» Task to carry out: Each record below must be returned exactly, with no line left out.

==== Records provided

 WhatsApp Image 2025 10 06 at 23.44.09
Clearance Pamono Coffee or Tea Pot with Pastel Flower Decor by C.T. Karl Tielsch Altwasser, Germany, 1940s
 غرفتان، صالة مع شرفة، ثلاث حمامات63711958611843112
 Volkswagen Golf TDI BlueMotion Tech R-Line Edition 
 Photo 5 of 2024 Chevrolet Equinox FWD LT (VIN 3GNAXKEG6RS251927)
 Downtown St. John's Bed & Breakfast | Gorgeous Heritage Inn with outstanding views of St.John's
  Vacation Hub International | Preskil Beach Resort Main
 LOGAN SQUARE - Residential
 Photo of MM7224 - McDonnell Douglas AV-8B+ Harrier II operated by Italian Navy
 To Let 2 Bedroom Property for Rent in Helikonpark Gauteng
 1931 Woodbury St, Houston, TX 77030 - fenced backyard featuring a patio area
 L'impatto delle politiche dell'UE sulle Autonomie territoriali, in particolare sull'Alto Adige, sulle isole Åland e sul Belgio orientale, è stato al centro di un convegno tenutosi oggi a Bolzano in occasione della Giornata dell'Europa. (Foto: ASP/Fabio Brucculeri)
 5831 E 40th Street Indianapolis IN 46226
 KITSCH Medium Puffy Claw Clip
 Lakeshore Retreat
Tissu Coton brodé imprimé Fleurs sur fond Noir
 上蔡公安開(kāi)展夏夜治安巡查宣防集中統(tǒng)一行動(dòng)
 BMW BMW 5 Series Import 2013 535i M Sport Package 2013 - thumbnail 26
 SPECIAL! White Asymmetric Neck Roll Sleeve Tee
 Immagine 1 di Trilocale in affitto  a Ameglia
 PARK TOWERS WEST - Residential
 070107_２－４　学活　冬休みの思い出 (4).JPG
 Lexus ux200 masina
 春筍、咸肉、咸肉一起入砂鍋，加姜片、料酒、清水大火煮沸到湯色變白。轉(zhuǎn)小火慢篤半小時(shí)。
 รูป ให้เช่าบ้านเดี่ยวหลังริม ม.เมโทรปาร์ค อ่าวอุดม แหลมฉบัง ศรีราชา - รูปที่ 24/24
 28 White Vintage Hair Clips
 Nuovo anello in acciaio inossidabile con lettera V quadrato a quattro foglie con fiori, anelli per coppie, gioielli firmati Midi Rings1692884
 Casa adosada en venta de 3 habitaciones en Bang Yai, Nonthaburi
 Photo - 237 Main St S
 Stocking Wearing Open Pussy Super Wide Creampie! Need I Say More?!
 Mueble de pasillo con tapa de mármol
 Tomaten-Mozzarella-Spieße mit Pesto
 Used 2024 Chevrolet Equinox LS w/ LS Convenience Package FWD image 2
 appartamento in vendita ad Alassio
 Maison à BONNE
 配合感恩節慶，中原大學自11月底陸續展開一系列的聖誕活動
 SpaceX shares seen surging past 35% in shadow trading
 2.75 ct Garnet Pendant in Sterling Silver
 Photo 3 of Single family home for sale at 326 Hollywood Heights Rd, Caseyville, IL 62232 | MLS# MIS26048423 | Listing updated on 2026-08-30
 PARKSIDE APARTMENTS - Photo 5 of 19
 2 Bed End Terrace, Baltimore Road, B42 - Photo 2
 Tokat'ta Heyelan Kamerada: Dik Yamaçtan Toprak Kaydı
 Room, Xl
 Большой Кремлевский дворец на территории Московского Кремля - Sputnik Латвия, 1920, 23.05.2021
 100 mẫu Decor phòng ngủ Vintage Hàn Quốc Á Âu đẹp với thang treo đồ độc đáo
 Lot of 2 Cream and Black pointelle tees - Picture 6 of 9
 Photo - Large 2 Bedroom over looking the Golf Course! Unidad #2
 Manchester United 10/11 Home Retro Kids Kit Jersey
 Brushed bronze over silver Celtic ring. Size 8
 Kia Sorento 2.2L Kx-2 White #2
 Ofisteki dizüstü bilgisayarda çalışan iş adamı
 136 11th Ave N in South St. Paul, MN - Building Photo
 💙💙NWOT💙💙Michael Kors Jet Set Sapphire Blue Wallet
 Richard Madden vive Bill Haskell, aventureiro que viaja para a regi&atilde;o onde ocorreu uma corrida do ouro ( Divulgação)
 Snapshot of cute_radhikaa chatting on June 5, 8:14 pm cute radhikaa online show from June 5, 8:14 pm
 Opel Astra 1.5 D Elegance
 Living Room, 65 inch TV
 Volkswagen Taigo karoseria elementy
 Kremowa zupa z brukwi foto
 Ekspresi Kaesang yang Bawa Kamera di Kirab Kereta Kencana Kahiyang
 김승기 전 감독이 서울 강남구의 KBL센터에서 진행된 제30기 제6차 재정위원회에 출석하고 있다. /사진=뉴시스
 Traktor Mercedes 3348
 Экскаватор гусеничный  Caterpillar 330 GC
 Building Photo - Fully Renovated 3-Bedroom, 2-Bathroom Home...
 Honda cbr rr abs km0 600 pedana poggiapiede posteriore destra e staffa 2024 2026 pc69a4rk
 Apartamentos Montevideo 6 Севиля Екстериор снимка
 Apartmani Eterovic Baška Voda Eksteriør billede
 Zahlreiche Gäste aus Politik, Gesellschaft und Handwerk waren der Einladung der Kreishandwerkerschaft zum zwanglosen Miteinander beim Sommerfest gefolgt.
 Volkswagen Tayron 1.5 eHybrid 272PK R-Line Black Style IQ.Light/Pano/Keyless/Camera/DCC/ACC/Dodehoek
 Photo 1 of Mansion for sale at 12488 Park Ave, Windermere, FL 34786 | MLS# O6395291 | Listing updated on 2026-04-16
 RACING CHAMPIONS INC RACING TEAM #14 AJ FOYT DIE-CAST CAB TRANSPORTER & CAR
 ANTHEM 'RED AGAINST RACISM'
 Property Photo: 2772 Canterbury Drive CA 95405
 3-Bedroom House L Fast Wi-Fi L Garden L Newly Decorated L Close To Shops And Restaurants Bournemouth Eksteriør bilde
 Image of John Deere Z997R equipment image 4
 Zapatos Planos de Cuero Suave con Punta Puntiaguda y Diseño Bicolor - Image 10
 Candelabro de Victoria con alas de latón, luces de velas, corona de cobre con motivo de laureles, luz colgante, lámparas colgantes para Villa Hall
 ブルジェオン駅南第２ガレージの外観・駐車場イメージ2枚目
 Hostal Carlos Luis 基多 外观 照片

========

» Result for this task:
 WhatsApp Image 2025 10 06 at 23.44.09
Clearance Pamono Coffee or Tea Pot with Pastel Flower Decor by C.T. Karl Tielsch Altwasser, Germany, 1940s
 غرفتان، صالة مع شرفة، ثلاث حمامات63711958611843112
 Volkswagen Golf TDI BlueMotion Tech R-Line Edition 
 Photo 5 of 2024 Chevrolet Equinox FWD LT (VIN 3GNAXKEG6RS251927)
 Downtown St. John's Bed & Breakfast | Gorgeous Heritage Inn with outstanding views of St.John's
  Vacation Hub International | Preskil Beach Resort Main
 LOGAN SQUARE - Residential
 Photo of MM7224 - McDonnell Douglas AV-8B+ Harrier II operated by Italian Navy
 To Let 2 Bedroom Property for Rent in Helikonpark Gauteng
 1931 Woodbury St, Houston, TX 77030 - fenced backyard featuring a patio area
 L'impatto delle politiche dell'UE sulle Autonomie territoriali, in particolare sull'Alto Adige, sulle isole Åland e sul Belgio orientale, è stato al centro di un convegno tenutosi oggi a Bolzano in occasione della Giornata dell'Europa. (Foto: ASP/Fabio Brucculeri)
 5831 E 40th Street Indianapolis IN 46226
 KITSCH Medium Puffy Claw Clip
 Lakeshore Retreat
Tissu Coton brodé imprimé Fleurs sur fond Noir
 上蔡公安開(kāi)展夏夜治安巡查宣防集中統(tǒng)一行動(dòng)
 BMW BMW 5 Series Import 2013 535i M Sport Package 2013 - thumbnail 26
 SPECIAL! White Asymmetric Neck Roll Sleeve Tee
 Immagine 1 di Trilocale in affitto  a Ameglia
 PARK TOWERS WEST - Residential
 070107_２－４　学活　冬休みの思い出 (4).JPG
 Lexus ux200 masina
 春筍、咸肉、咸肉一起入砂鍋，加姜片、料酒、清水大火煮沸到湯色變白。轉(zhuǎn)小火慢篤半小時(shí)。
 รูป ให้เช่าบ้านเดี่ยวหลังริม ม.เมโทรปาร์ค อ่าวอุดม แหลมฉบัง ศรีราชา - รูปที่ 24/24
 28 White Vintage Hair Clips
 Nuovo anello in acciaio inossidabile con lettera V quadrato a quattro foglie con fiori, anelli per coppie, gioielli firmati Midi Rings1692884
 Casa adosada en venta de 3 habitaciones en Bang Yai, Nonthaburi
 Photo - 237 Main St S
 Stocking Wearing Open Pussy Super Wide Creampie! Need I Say More?!
 Mueble de pasillo con tapa de mármol
 Tomaten-Mozzarella-Spieße mit Pesto
 Used 2024 Chevrolet Equinox LS w/ LS Convenience Package FWD image 2
 appartamento in vendita ad Alassio
 Maison à BONNE
 配合感恩節慶，中原大學自11月底陸續展開一系列的聖誕活動
 SpaceX shares seen surging past 35% in shadow trading
 2.75 ct Garnet Pendant in Sterling Silver
 Photo 3 of Single family home for sale at 326 Hollywood Heights Rd, Caseyville, IL 62232 | MLS# MIS26048423 | Listing updated on 2026-08-30
 PARKSIDE APARTMENTS - Photo 5 of 19
 2 Bed End Terrace, Baltimore Road, B42 - Photo 2
 Tokat'ta Heyelan Kamerada: Dik Yamaçtan Toprak Kaydı
 Room, Xl
 Большой Кремлевский дворец на территории Московского Кремля - Sputnik Латвия, 1920, 23.05.2021
 100 mẫu Decor phòng ngủ Vintage Hàn Quốc Á Âu đẹp với thang treo đồ độc đáo
 Lot of 2 Cream and Black pointelle tees - Picture 6 of 9
 Photo - Large 2 Bedroom over looking the Golf Course! Unidad #2
 Manchester United 10/11 Home Retro Kids Kit Jersey
 Brushed bronze over silver Celtic ring. Size 8
 Kia Sorento 2.2L Kx-2 White #2
 Ofisteki dizüstü bilgisayarda çalışan iş adamı
 136 11th Ave N in South St. Paul, MN - Building Photo
 💙💙NWOT💙💙Michael Kors Jet Set Sapphire Blue Wallet
 Richard Madden vive Bill Haskell, aventureiro que viaja para a regi&atilde;o onde ocorreu uma corrida do ouro ( Divulgação)
 Snapshot of cute_radhikaa chatting on June 5, 8:14 pm cute radhikaa online show from June 5, 8:14 pm
 Opel Astra 1.5 D Elegance
 Living Room, 65 inch TV
 Volkswagen Taigo karoseria elementy
 Kremowa zupa z brukwi foto
 Ekspresi Kaesang yang Bawa Kamera di Kirab Kereta Kencana Kahiyang
 김승기 전 감독이 서울 강남구의 KBL센터에서 진행된 제30기 제6차 재정위원회에 출석하고 있다. /사진=뉴시스
 Traktor Mercedes 3348
 Экскаватор гусеничный  Caterpillar 330 GC
 Building Photo - Fully Renovated 3-Bedroom, 2-Bathroom Home...
 Honda cbr rr abs km0 600 pedana poggiapiede posteriore destra e staffa 2024 2026 pc69a4rk
 Apartamentos Montevideo 6 Севиля Екстериор снимка
 Apartmani Eterovic Baška Voda Eksteriør billede
 Zahlreiche Gäste aus Politik, Gesellschaft und Handwerk waren der Einladung der Kreishandwerkerschaft zum zwanglosen Miteinander beim Sommerfest gefolgt.
 Volkswagen Tayron 1.5 eHybrid 272PK R-Line Black Style IQ.Light/Pano/Keyless/Camera/DCC/ACC/Dodehoek
 Photo 1 of Mansion for sale at 12488 Park Ave, Windermere, FL 34786 | MLS# O6395291 | Listing updated on 2026-04-16
 RACING CHAMPIONS INC RACING TEAM #14 AJ FOYT DIE-CAST CAB TRANSPORTER & CAR
 ANTHEM 'RED AGAINST RACISM'
 Property Photo: 2772 Canterbury Drive CA 95405
 3-Bedroom House L Fast Wi-Fi L Garden L Newly Decorated L Close To Shops And Restaurants Bournemouth Eksteriør bilde
 Image of John Deere Z997R equipment image 4
 Zapatos Planos de Cuero Suave con Punta Puntiaguda y Diseño Bicolor - Image 10
 Candelabro de Victoria con alas de latón, luces de velas, corona de cobre con motivo de laureles, luz colgante, lámparas colgantes para Villa Hall
 ブルジェオン駅南第２ガレージの外観・駐車場イメージ2枚目
 Hostal Carlos Luis 基多 外观 照片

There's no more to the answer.